Travis-ci.org is closing down with everything moving over to Travis-ci.com. Generally this would be okay; however it travis-ci.com uses a credit based system (10 credits per minute). Based on some rough estimations we run about 300 minutes (3,000 credits) per build for the Vega Strike Engine Source; master will reduce this some as we have dropped some builds. If Travis-ci.com did a recurring allotment each month we could easily figure out our monthly needs, adjusting the allotment accordingly. That said, it's not clear that the open source credits from Travis-ci.com would apply to GitHub Organizations (still waiting to hear back on an email to support). All said, we'd likely need to request 1,000,000 credit chunk allotments to cover us for a sufficient time period across our repositories. All-in-all it's not as attractive.

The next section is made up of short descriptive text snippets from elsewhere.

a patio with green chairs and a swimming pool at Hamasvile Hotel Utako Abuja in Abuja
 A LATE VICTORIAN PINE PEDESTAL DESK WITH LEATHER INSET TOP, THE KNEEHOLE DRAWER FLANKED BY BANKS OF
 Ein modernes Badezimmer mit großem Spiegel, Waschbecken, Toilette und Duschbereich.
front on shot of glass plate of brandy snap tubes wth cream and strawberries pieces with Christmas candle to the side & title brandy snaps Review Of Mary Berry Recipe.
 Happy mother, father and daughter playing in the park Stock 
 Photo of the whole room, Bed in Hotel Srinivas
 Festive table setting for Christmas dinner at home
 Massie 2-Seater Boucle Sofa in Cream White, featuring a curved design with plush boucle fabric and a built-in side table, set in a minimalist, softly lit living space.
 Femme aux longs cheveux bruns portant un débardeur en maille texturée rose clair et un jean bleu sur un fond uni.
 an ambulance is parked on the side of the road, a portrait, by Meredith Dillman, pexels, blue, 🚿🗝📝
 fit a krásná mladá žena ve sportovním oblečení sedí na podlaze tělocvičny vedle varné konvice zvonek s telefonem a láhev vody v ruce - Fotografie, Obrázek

Doing some research we have a few options:
GH Actions seems to be where we want to go for now at least. It would be good to identify any "actions" we need to do and survey the GH Action Marketplace to see if there are any that we can utilize or if we need to build our own:
Note that I believe GitHub actions also lets you host your own "runners" on your own infrastructure. If we can't get GH Actions for free, maybe we can host our own runner on DigitalOcean.com or something.
As @BenjamenMeyer said would prefer our own infrastructure with that in mind would our web sites server be able to handle the load after a proper reconfiguration @www2000 might decide to expand his support to include that.
@Loki1950 I'm not sure it's a good idea to have our web server do too many jobs. Doing the builds will be quite a heavy task by itself.
Running Jenkins, etc is intense, requires lots of RAM and multiple systems in a cluster. It could be done on a k8's cluster but that's all beyonce our current budget.
GH Actions should be sufficient for now.
@Loki1950 i agree with @stephengtuggy about the server load current memory use is around 2GB of 4GB that is install.
And my hosting provider is not happy if we build vegastrike one's a day (the server is a VPS).
Just wanted to be sure that we covered all the angles before we commit to any changes.
I did get a reply from Travis-CI Support; but it wasn't terribly helpful in answering my question. As it's already apparent we need to migrate to something else I'll just let it close out. Sad to see Travis-CI go - it's been a great platform for years.
I did get a reply from Travis-CI Support; but it wasn't terribly helpful in answering my question. As it's already apparent we need to migrate to something else I'll just let it close out. Sad to see Travis-CI go - it's been a great platform for years.
@BenjamenMeyer Agreed.
We have 0.7.x engine moved over. Still need to do master. We lost Mac builds in the process so we'll have to add those back. We might get Windows builds too now as well (Win Server 2019); but don't know what tool chain we'll be getting.
The engine build matrix is moved over and travis-ci is now disabled; CodeQL needs to be migrated still.
Note that CodeQL doesn't seem to be in the GitHub Actions Marketplace list. I'm not sure why not. If we want to analyze our code for security vulnerabilities, we may need to use a different code scanner that is available in the Marketplace.
We could also write a CodeQL action to use. It doesn't have to be in the GH Actions Marketplace to be used; they're just packages to help folks do common activities. Surprised CodeQL doesn't have one already.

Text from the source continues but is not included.